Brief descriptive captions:
=== Section Start ===
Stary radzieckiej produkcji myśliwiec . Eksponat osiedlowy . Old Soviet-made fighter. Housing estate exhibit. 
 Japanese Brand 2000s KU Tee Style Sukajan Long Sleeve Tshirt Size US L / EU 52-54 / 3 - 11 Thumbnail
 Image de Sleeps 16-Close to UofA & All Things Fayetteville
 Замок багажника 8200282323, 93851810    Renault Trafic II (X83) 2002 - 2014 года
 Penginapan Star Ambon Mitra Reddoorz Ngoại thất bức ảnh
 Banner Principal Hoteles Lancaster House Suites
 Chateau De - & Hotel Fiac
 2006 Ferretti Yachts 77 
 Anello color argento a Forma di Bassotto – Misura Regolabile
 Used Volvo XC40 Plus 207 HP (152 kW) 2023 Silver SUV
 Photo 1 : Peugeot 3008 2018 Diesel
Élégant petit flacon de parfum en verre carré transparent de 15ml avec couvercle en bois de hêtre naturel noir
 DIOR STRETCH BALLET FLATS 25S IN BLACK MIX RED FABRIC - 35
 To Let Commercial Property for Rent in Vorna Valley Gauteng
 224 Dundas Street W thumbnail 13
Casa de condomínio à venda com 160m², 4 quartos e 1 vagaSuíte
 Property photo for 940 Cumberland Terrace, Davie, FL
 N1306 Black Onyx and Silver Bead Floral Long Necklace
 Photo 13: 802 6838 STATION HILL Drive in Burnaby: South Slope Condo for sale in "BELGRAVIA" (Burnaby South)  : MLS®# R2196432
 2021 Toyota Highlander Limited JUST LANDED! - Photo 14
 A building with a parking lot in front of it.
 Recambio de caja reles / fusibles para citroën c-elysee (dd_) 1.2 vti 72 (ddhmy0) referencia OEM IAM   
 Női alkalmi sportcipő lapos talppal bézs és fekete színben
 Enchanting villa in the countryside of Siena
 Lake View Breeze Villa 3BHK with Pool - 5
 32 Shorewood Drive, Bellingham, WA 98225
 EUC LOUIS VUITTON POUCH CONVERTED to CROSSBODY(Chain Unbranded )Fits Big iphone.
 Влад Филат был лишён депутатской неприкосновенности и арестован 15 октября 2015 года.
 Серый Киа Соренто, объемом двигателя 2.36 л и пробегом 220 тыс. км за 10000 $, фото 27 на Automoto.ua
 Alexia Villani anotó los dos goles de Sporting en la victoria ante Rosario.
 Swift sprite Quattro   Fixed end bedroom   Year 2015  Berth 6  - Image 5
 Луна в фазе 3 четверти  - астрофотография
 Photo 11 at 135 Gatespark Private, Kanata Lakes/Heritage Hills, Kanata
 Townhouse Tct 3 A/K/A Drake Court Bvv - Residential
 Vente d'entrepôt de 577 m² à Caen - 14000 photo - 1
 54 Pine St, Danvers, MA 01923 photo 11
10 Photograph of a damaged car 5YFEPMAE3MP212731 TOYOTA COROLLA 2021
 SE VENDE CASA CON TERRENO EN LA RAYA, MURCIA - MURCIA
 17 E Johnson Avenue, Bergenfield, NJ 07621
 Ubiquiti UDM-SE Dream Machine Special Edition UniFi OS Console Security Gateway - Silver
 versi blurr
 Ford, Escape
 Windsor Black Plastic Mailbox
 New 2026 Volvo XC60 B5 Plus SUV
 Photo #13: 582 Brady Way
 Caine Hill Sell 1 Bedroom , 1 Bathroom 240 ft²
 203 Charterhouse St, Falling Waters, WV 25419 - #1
=== Section End ===
- **Aim of the exercise**:
Nothing but the lines from the one containing "Windsor Black Plastic Mailbox" to the end of the records above should appear, each copied exactly.

- **Answer space**:
 Windsor Black Plastic Mailbox
 New 2026 Volvo XC60 B5 Plus SUV
 Photo #13: 582 Brady Way
 Caine Hill Sell 1 Bedroom , 1 Bathroom 240 ft²
 203 Charterhouse St, Falling Waters, WV 25419 - #1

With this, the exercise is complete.